Stored records
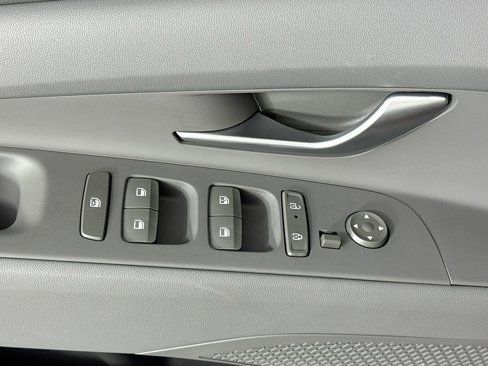 Certified 2025 Hyundai Elantra SEL image 18
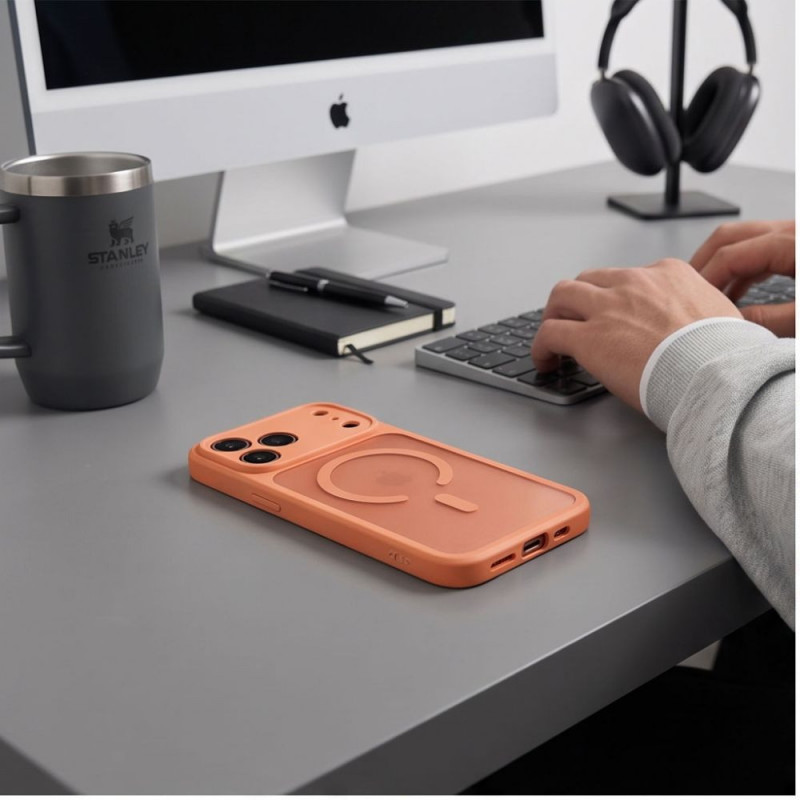 Etui Tech-Protect BasicMag MagSafe dla Apple iPhone 17 Pro Max / 18 Pro Max, matowe Cosmic Orange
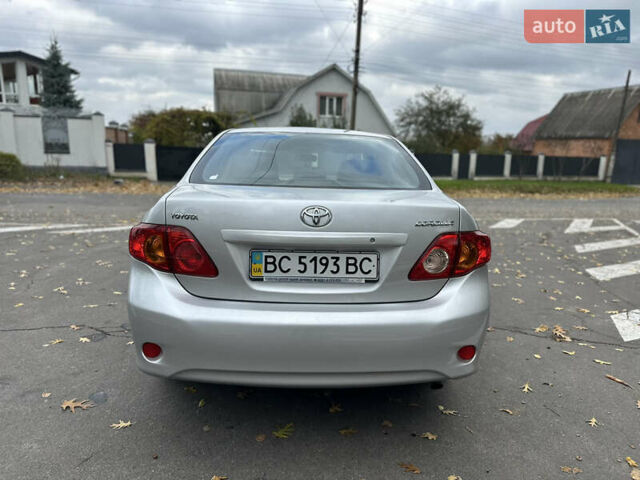 Серый Тойота Королла, объемом двигателя 1.4 л и пробегом 237 тыс. км за 6999 $, фото 2 на Automoto.ua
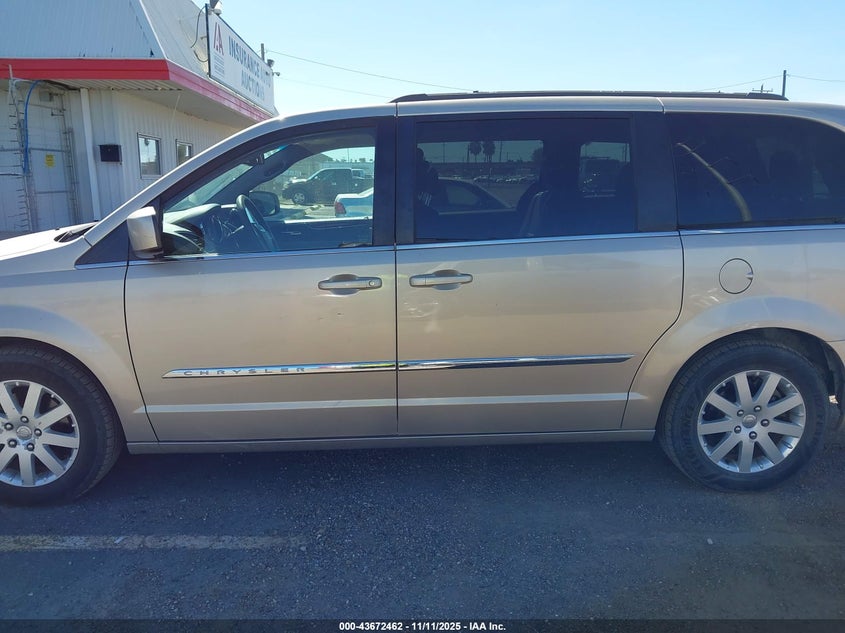 2015 Chrysler Town & Country Touring VIN: 2C4RC1BG0FR538064 Lot: 43672462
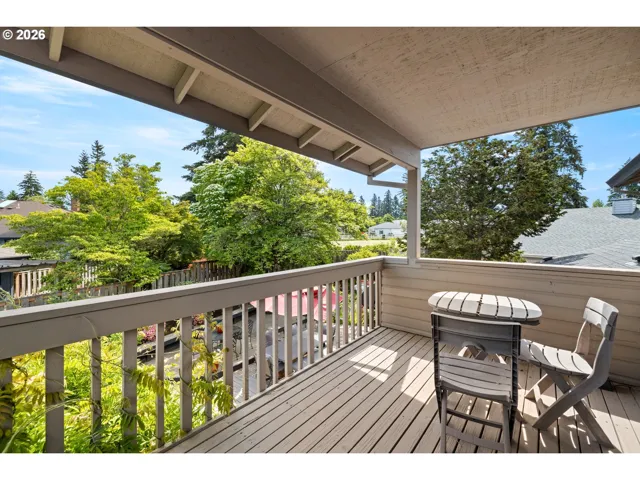 Deck-Upper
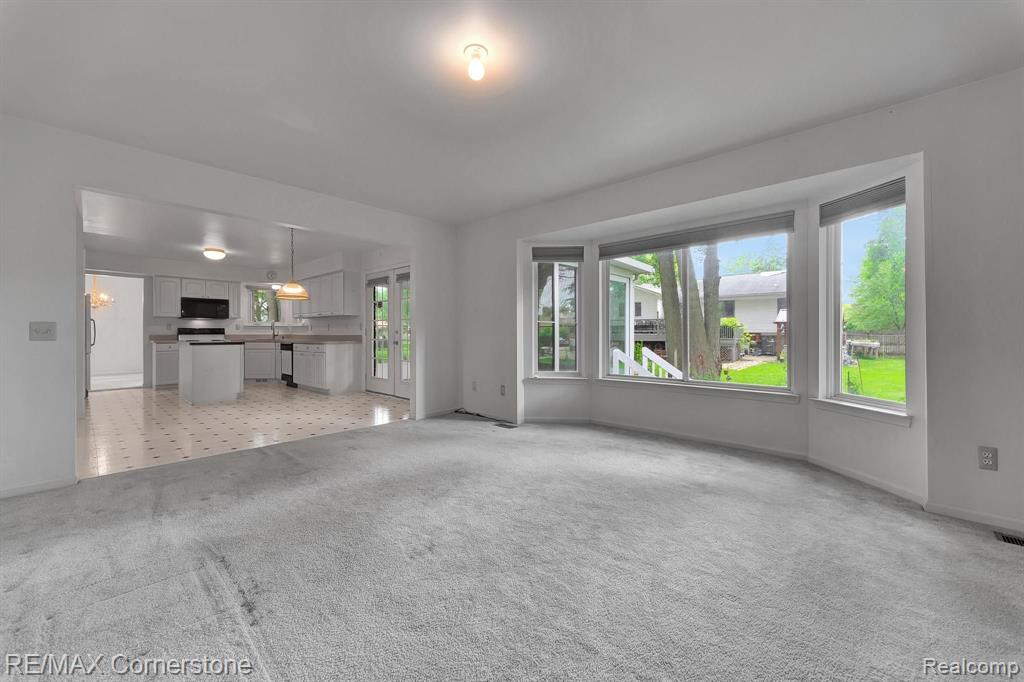 41899 CONNERWOOD Court, Canton, MI 48187 — Photo 19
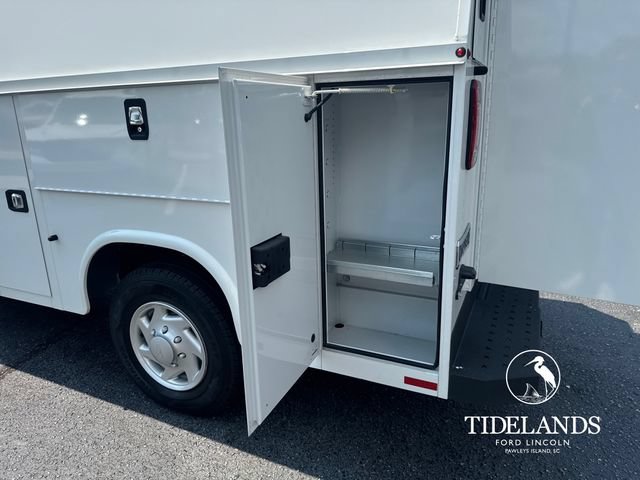 Certified 2024 Ford E-350 and Econoline 350 Super Duty w/ Power Windows & Locks Group RWD image 39
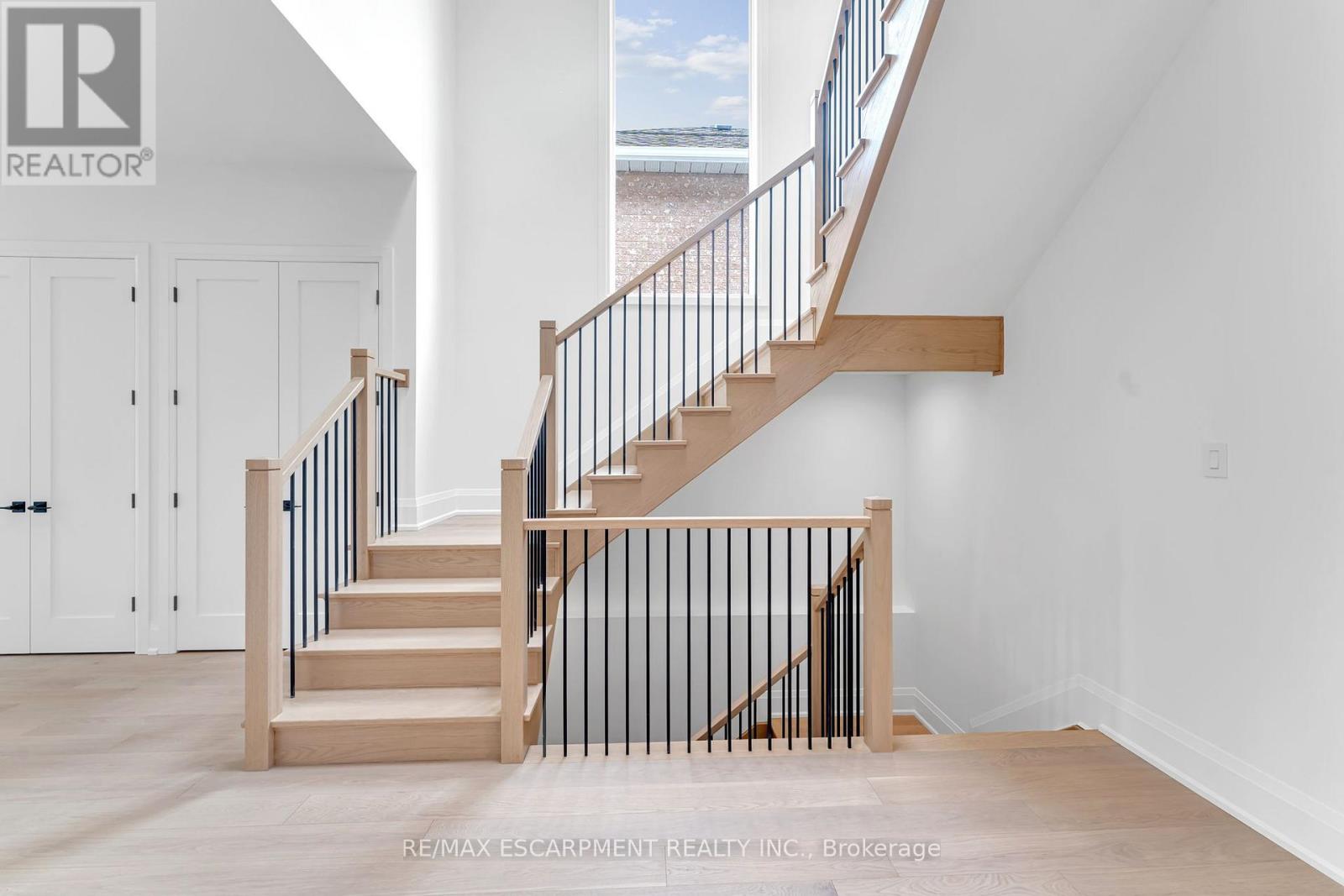 2350 Eighth Line, Oakville, Ontario  L6H 7E6 - Photo 6 - W13032326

§ Assigned task
Output the records verbatim without pictures.

§ Final answer
 Certified 2025 Hyundai Elantra SEL image 18
 Etui Tech-Protect BasicMag MagSafe dla Apple iPhone 17 Pro Max / 18 Pro Max, matowe Cosmic Orange
 Серый Тойота Королла, объемом двигателя 1.4 л и пробегом 237 тыс. км за 6999 $, фото 2 на Automoto.ua
 2015 Chrysler Town & Country Touring VIN: 2C4RC1BG0FR538064 Lot: 43672462
 Deck-Upper
 41899 CONNERWOOD Court, Canton, MI 48187 — Photo 19
 Certified 2024 Ford E-350 and Econoline 350 Super Duty w/ Power Windows & Locks Group RWD image 39
 2350 Eighth Line, Oakville, Ontario  L6H 7E6 - Photo 6 - W13032326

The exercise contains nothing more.